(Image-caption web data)
================
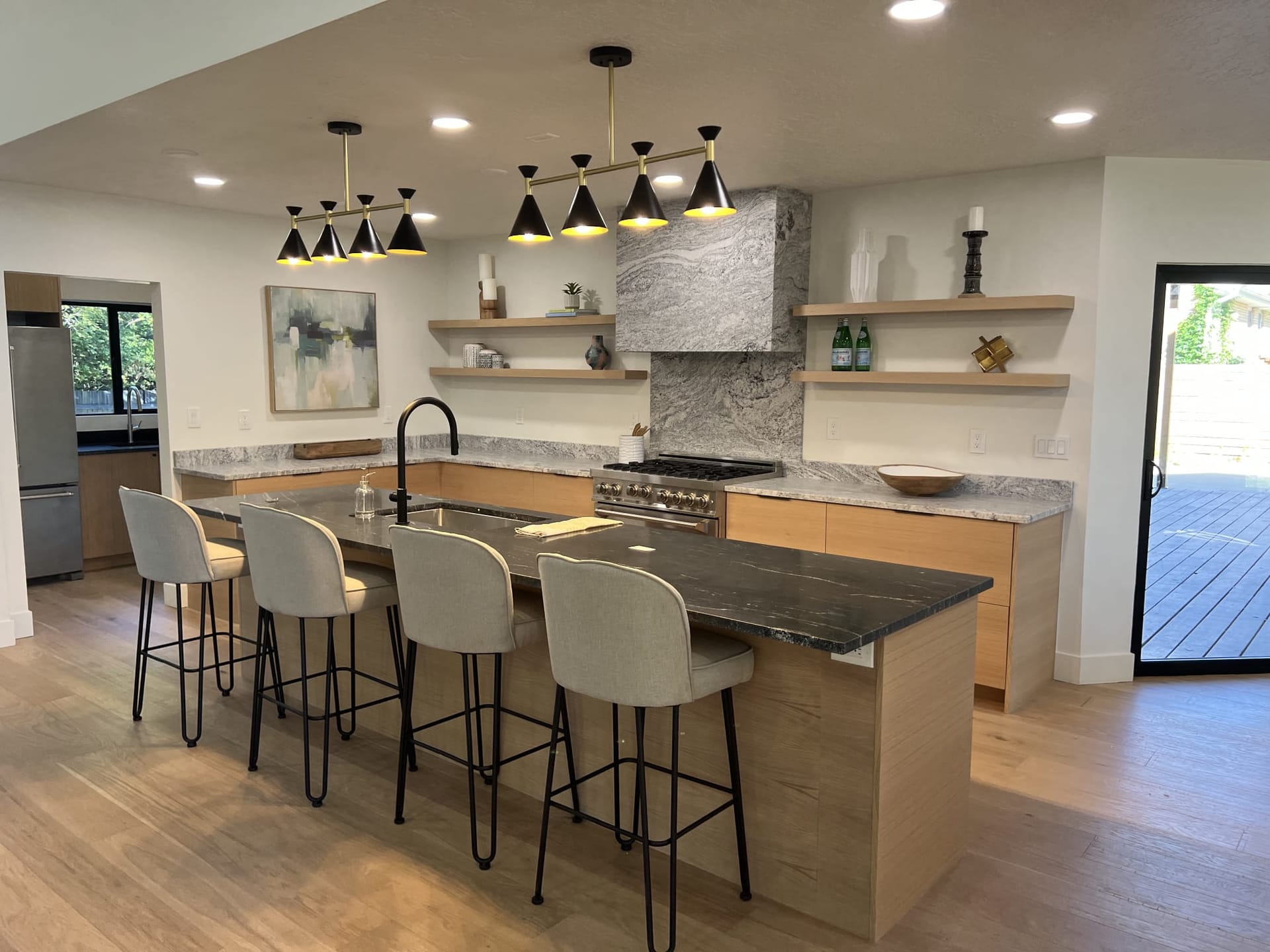 Luxury kitchen with black-and-brass cone pendant lighting, stone waterfall island, light-wood lower cabinets, and floating shelves — Utah kitchen addition by CasaMás Construction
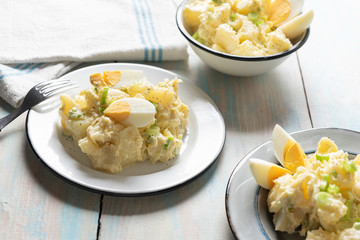 Potato salad with egg and mayonnaise on wooden background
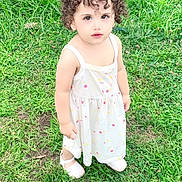 Ayzal is registered to the contest to win money with this photo: toddler, child, curly_hair, white_dress, white_shoes, grass, outdoor, greenery, cute, portrait, young_child, standing, nature, daylight, curious, innocent, person, small_child, summer, playful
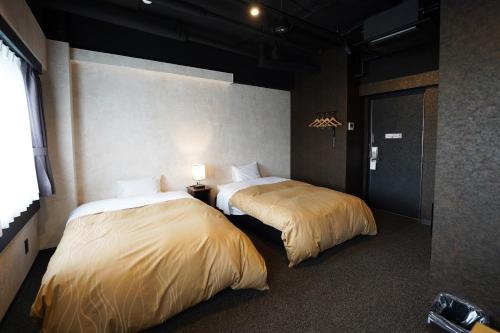 Postel nebo postele na pokoji v ubytování Hotel Chino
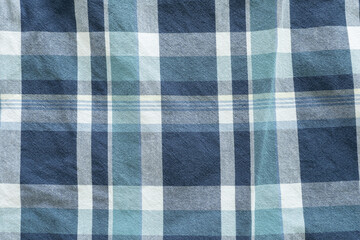 A close-up of a plaid fabric in various shades of blue, teal, and white, creating a classic checkered pattern, showcases the intersecting lines and the texture of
================
> [WHAT THIS TASK INVOLVES]: The answer must be the exact lines from the line with "Postel nebo postele" to the final line of the data, both ends included, with no pictures.

> [REPLY TO THE TASK]:
 Postel nebo postele na pokoji v ubytování Hotel Chino
 A close-up of a plaid fabric in various shades of blue, teal, and white, creating a classic checkered pattern, showcases the intersecting lines and the texture of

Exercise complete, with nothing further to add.